科学的にいえば、幸せの代表的なホルモンは、セロトニンとかオキシトシンとかドーパミンといわれるものだけれど、所詮は、身体の感覚1つをとって「幸せ」とか「不幸」とか命名しているに過ぎない。そう言うとあまりにもニヒリズムの考えに聞こえるが、幸せだとか不幸だとかに固執しすぎているときは、感覚に執着しすぎているのかもしれない。
「生と同じくらい、死に光を当てること。」
武士道のこれと同じことが、「自由と同じくらい服従にも光を当てること」と言えるかもしれない。この辺りはまだ考える必要あり。

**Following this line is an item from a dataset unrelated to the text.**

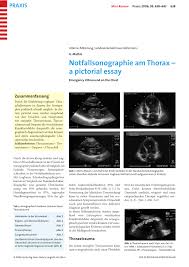 Broadening of the pleural line to a. Pdf Notfallsonographie Am Thorax A Pictorial Essay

瞑想中、小中高時代を思い出す。テニスをしていて、服従に近いスパルタ指導を受けていた。自由に遊べた記憶は僅かで、当時は言葉を書くことなんて知らなかったから、蓄積された鬱憤を、ただがむしゃらに走り、肉体に昇華することで心を保っていた。(保てなかったことも大半であった)
当時は、自由の衝動に駆られていて、その反動もあってなんだかんだ、今は身体的な自由を得た。すると不思議と再び、服従の衝動に駆られる自分がいる。生の衝動と死の衝動を同時に必要とするように、自由と服従の両方を欲している。
死んだような時期だったけど、そこから学べるものもある。
後半は、最近紹介している「葉隠」について、引きつづき心に留まった箇所を紹介したい。
生死二つのうち、いずれを取るかといえば、早く死ぬほうをえらぶということにすぎない。(中略)”事を貫徹しないうちに死ねば犬死だ”などというのは、せいぜい上方ふうの思い上がった打算的武士道といえる。(中略)
生きるほうをえらんだとして、それがもし失敗に終わってなお生きているとすれば、腰抜けとそしられるだけだろう。(中略)
ところが、死をえらんでさえいれば、事を仕損じて死んだとしても、それは犬死、気ちがいだとそしられようと、恥にはならない。これが、つまりは武士道の本質なのだ。
葉隠入門, 三島由紀夫(新潮文庫)
葉隠に対する理解は、まだ自分にとって都合のいい部分を都合のいいように解釈している程度の浅いもの。
ただ選択を迫られた場面において、死にきれず生き延びて恥になるのは、私としても本意ではないなと過去の経験からも感じ、また過去の「生きた」と思える経験はすべて死を選んだ先にあったものであることにも気づいている。
死を選ぶ原動力としての「恥」を武士は重んじていた。気高く生きることは、肉体や損得ではかれない価値であることは間違いなく、見えるものに惑わされず、どれだけそこを目指せるかが、武士道に生きるテーマだと感じる。